The Ultimate Tree Pruning Guide

ultimate tree pruning tips advice from an arborist

ultimate tree pruning tips advice from an arborist

Everyone can prune their own trees but the secret is to prune them correctly. If you don’t prune your trees properly the result may be more than poor curb appeal but a dying tree. Use these pruning tips to become more successful in your pruning techniques and sit back and enjoy the view.

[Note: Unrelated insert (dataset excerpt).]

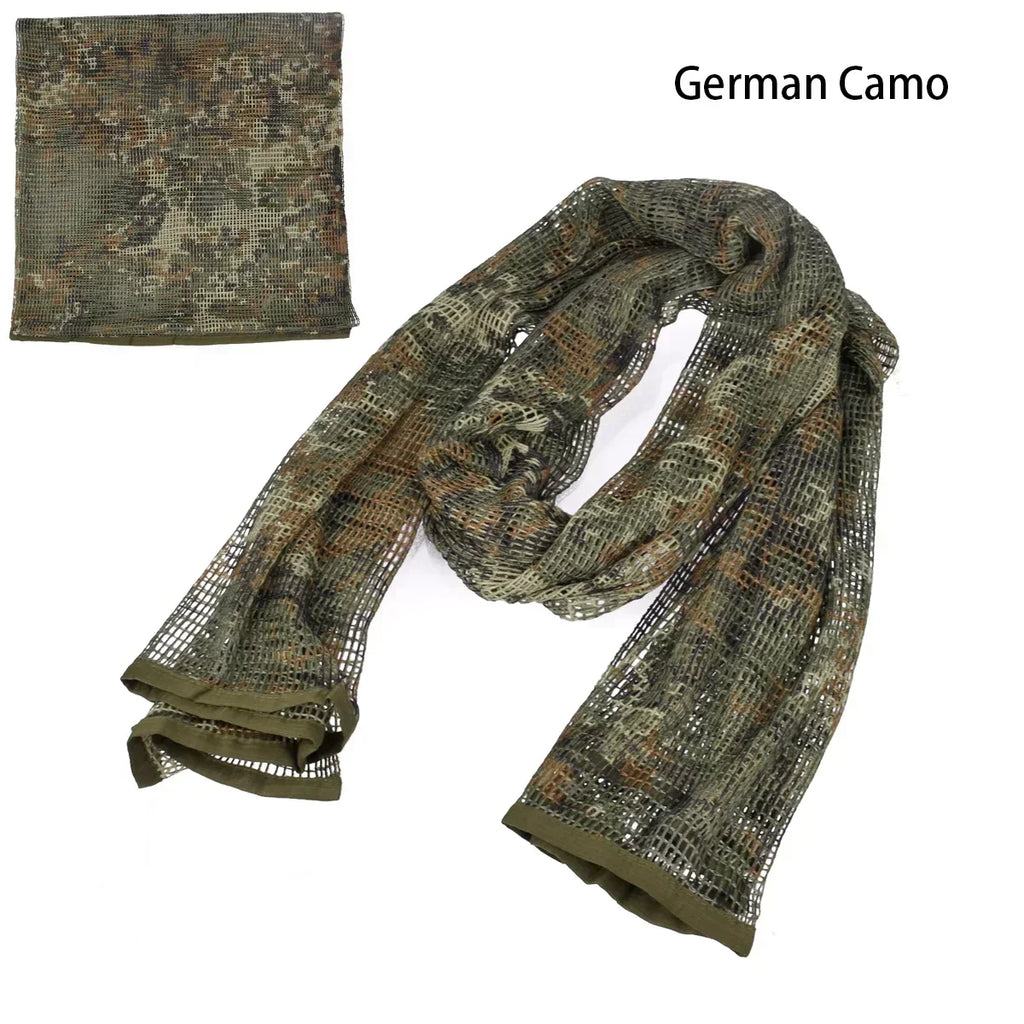 Camouflage Netting Scarf Sniper Veil Camo Mesh Face Scarf Veil Shemagh Head Wrap for Outdoor Camping Hiking Hunting Scarves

General Tree Trimming Tips

  • Not sure if you need to prune your trees?  Read this article on why pruning your trees is important.
  • It’s almost always best to trim or prune a tree during its dormant season. Although you can technically prune a pine tree at any time, it is still better to do so when it is dormant. The only exception is when a hazard exists.
  • Be conscientious about the size of the branch that you are going to remove. If it is less than 2 inches in diameter, removing it is fine. If it is between 2 and 4 inches in diameter, you might not want to do it. If the branch is more than 4 inches in diameter, you should only do so if you have a really good reason and better call a certified arborist.
  • Only trim branches that have weak, V-shaped, narrow angles. Retain branches that have strong, U-shaped angles.
  • Use this article for the best tree pruning tools and be sure you keep them sharp.

Tree Pruning Techniques

There are several general approaches to pruning, each for a specific purpose. Learning the right methods to pruning is the 1st step in keeping your trees healthy and helping them live a long life.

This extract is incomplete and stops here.